_Exercise prompt_.
Please, could you print all the lines below exactly, leaving out the pictures?

_Collected material_.
- - - - -
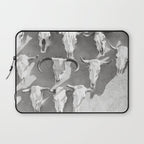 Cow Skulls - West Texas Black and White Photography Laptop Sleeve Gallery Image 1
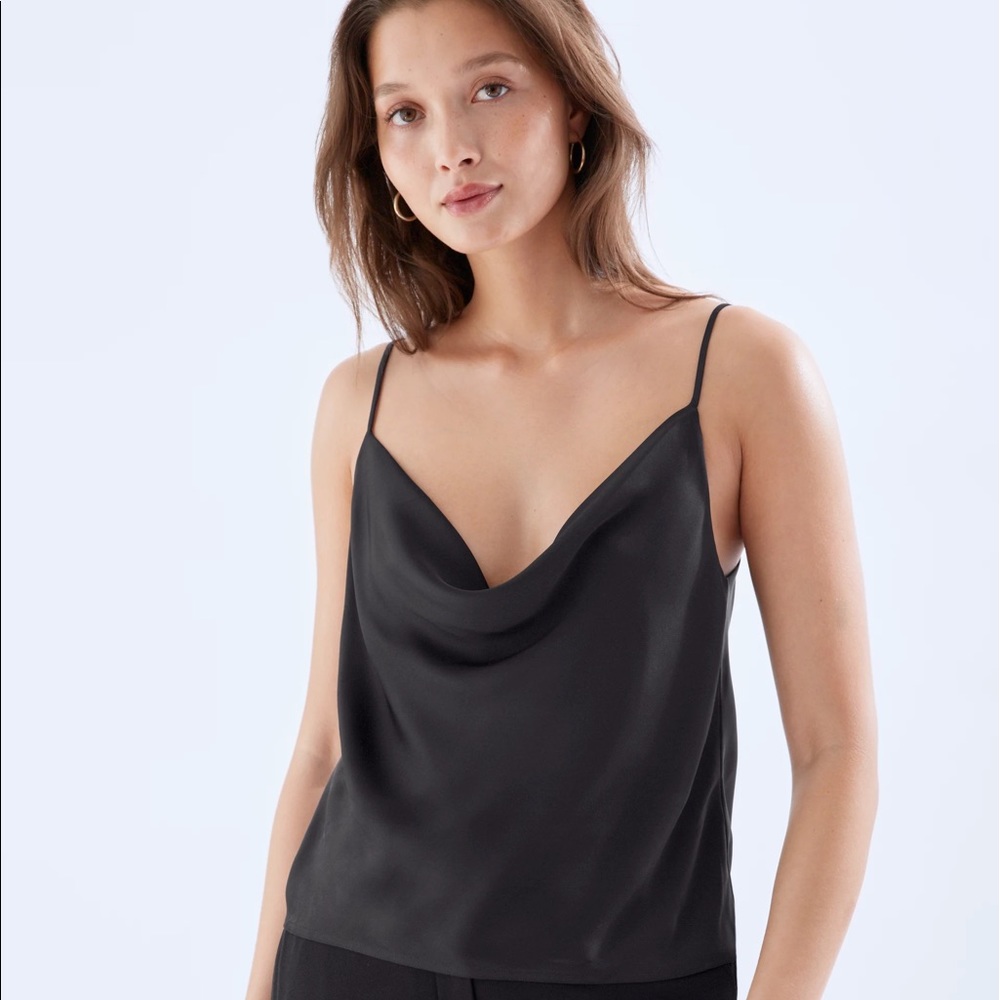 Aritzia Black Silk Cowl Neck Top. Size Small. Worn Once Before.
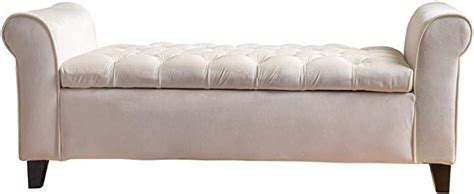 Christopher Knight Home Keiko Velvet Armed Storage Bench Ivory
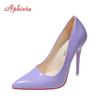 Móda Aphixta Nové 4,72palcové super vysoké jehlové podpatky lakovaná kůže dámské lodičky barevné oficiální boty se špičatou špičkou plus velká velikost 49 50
- - - - -
_Result of this task_.
 Cow Skulls - West Texas Black and White Photography Laptop Sleeve Gallery Image 1
 Aritzia Black Silk Cowl Neck Top. Size Small. Worn Once Before.
 Christopher Knight Home Keiko Velvet Armed Storage Bench Ivory
 Móda Aphixta Nové 4,72palcové super vysoké jehlové podpatky lakovaná kůže dámské lodičky barevné oficiální boty se špičatou špičkou plus velká velikost 49 50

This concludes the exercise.